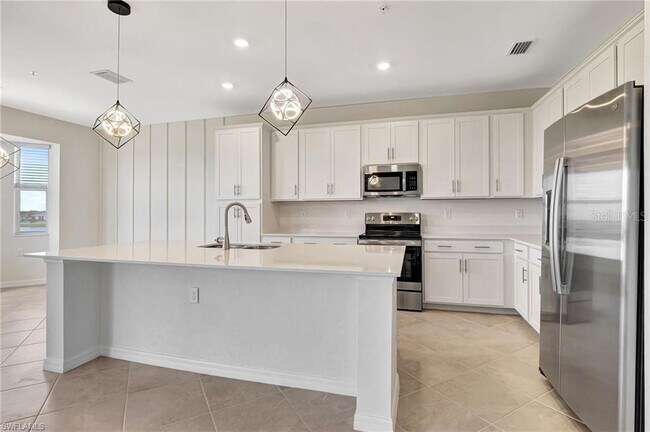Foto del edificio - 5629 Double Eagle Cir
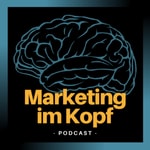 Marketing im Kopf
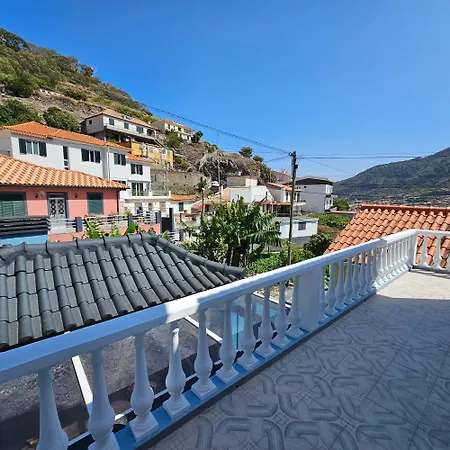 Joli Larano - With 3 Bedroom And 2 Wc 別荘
--
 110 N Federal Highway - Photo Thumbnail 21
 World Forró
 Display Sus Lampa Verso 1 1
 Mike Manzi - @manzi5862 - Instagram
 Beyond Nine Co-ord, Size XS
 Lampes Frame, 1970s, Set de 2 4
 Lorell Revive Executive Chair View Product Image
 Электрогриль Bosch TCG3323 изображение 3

EXERCISE GOAL:
From the records above, give again only the part that opens with the line containing "Marketing im Kopf" and closes with the line containing "Joli Larano - With 3 Bedroom And 2 Wc 別荘". Keep both ends but drop the pictures.

RESPONSE TO THE TASK:
 Marketing im Kopf
 Joli Larano - With 3 Bedroom And 2 Wc 別荘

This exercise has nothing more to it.